In fact, now that most of us are parents, we cousins decided to claim titles of aunts and uncles.  Adult cousins can feel like abstract terms, but ‘aunts and uncles’ – children can get this.  Those are the adults who say yes when your very own parents say no.

Now my cousins have become Uncle Buddy and Aunt Amy, Uncle Suzi and Aunt Steph, and the list goes on.  I’m sure there’s some inherent joke about the silly song lyric, “I’m my own Grandma.”  But whatever.  It’s our family.  We do our do.  And we do it loud.

Jeremy is a solid decade younger than me.  I used to babysit for him.  But once you cross the precipice into solid, real-deal adulthood, years matter less and not at all.  And there’s a beautiful joy in knowing someone since he had a bowl haircut.

Jeremy is a modern-day hippie.

Denver is his current stop as he couchsurfs across the country before he leaves in August to tour and teach in Spain.

He hates anything that minimizes the capacity of the human mind and strength.  He won’t use a GPS to get anywhere – he fears dependency on the voice that gives directions.  His suitcase has wheels, but he carries it instead – he fears dependency on the wheels.

Dependency is a strong theme.

He is anti-career.  He has a shining college degree with honors, but he prefers to invest in this and that, that and this – wherever the wind blows and he can have the greatest influence in the world around him.

He drinks only locally brewed beers everywhere he goes.  He has this implicit knowing: I love the world already.  Just let me at it.

On our first dinner together this week, he said to the waitress, “I’d like for you to order for me.  I like everything, I’m in the mood for anything, and I trust your judgement.”  He believes an open palate is a state of mind.  He will try anything, and he will like it.

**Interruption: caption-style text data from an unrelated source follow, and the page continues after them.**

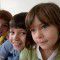 Aggression among kindergartners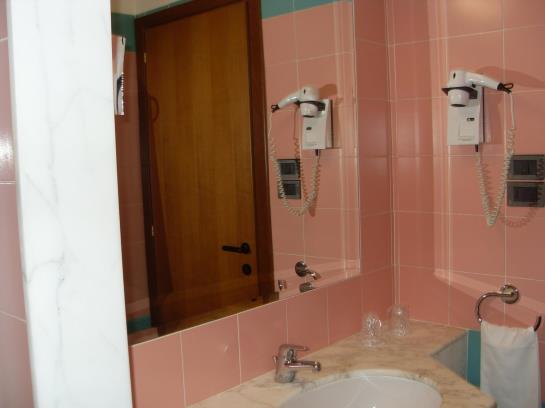 Hotel Tirrenus  | Perugia | Perugia | Italia 4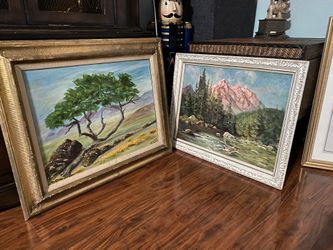 2.  Arte picture frame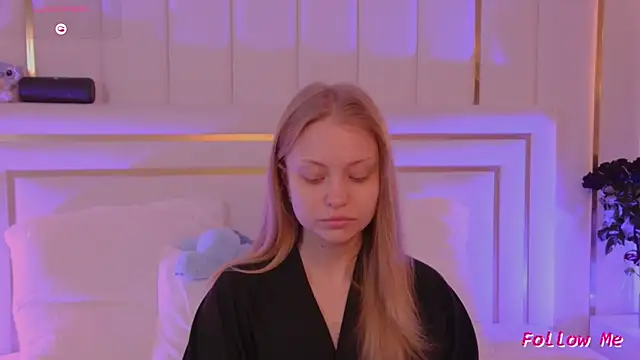 DorisHell online show from 19, 12, 2025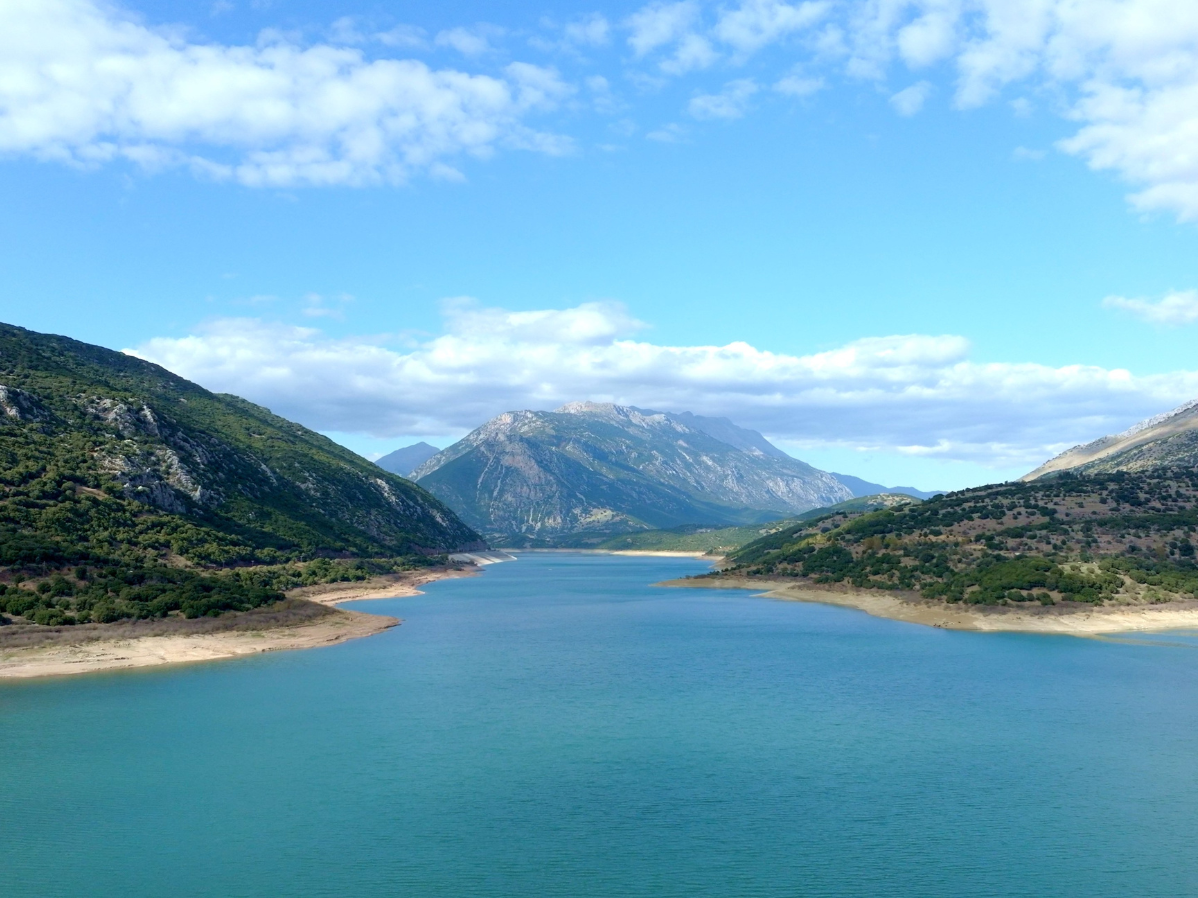 Making Ripples That Can Become Waves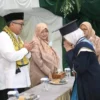 Wisuda Penghargaan Terhadap Prestasi dan Keberhasilan Proses Belajar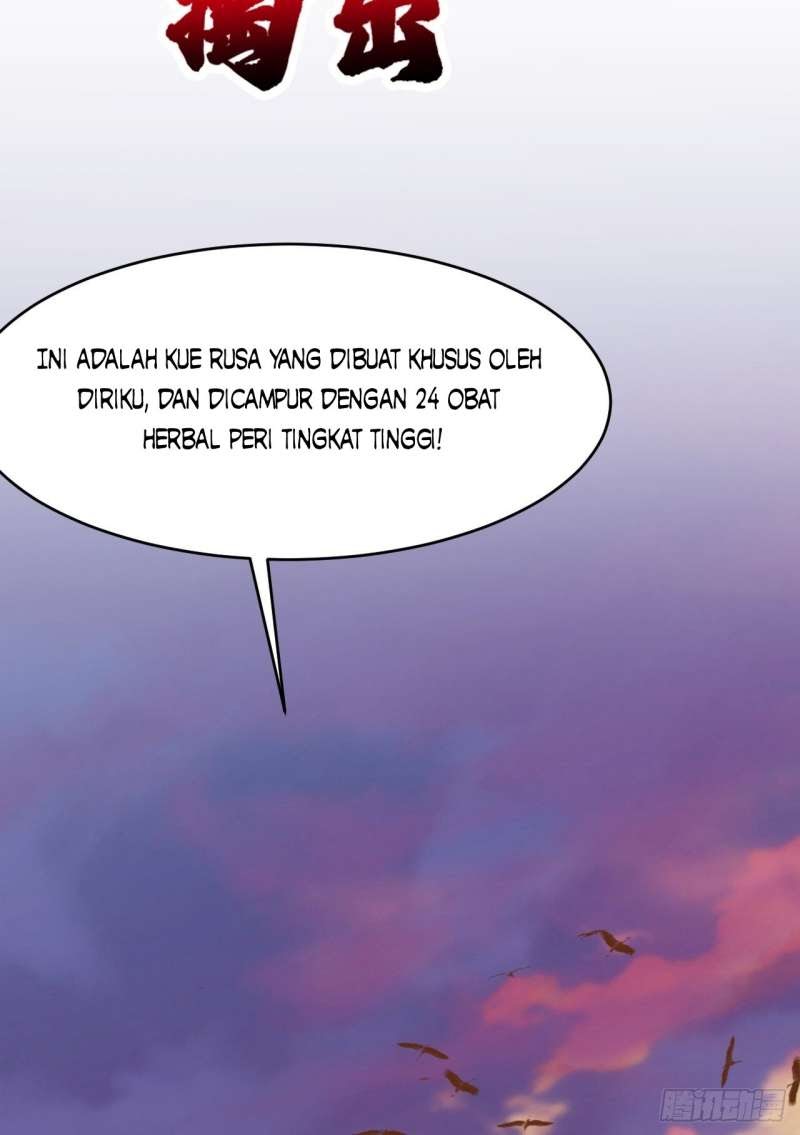 My Harem Depend on Drawing chapter 04 halaman 62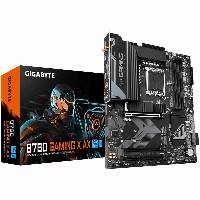 1700 Gigabyte B760 Gaming X AX
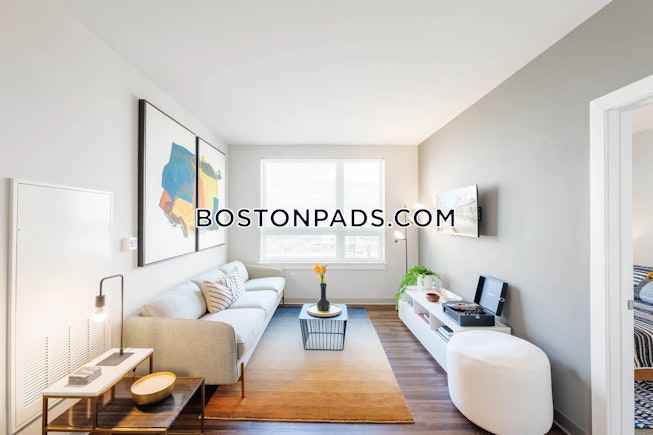 Boston - $3,687+ /mo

It’s pretty invigorating to hang out with this cousin of mine.  I didn’t even know I was thinking inside a box until he poked against the sides.

Last night, Jeremy and I cooked dinner.  Cast aside your vision of recipes, coupons, and following directions.  We followed the Jeremy Style.

We went to Whole Foods, and we started in the meat/seafood department, just to ‘see what looks good.’  Aha! Tilapia!  And then he handed me his brainstorm.

“Let’s do fish tacos.  We’ll fry the tilapia, and we’ll serve it inside soft tortillas with Greek Yogurt Black Bean sauce, pineapple salsa, and purple cabbage.  With a rice dish on the side.”

And then we wandered the produce section, gathering cabbage, pineapple, cilantro, poblano, green chilies, and of course long grain brown rice.  He doesn’t shop with a list; he shops with a vision.  He fills the cart with a pallette of colors and textures.  All for less than $30.

Then we cooked.  For two hours, we sliced and diced, breaded and sauteed.  He taught me tips and tricks he has learned through trial and error coupled with a million episodes of Chopped.  Jeremy is a self-trained chef and – in my mind – a strong candidate for The Next Food Network Star.  While we cooked, we danced around the kitchen to the melodies of Mumford & Sons, The Mamas and the Papas, and Adele.  We sang, we danced, and we created.

There are no words to describe this culinary license – to create something from nothing.  To please a hungry crowd with the outpouring of your soul.  The best cooking is art, not science.

The meal was amazing.  And it was *so much fun.*

We sat on the patio, around a table of seven.  Beverages included locally brewed beers, red and white wine, diet Pepsi, and cherry limeade.
I nudged Jeremy with my elbow.  “You know, you could marry a girl with a meal like this.”

He smiled.  “I’ve been told that many times.”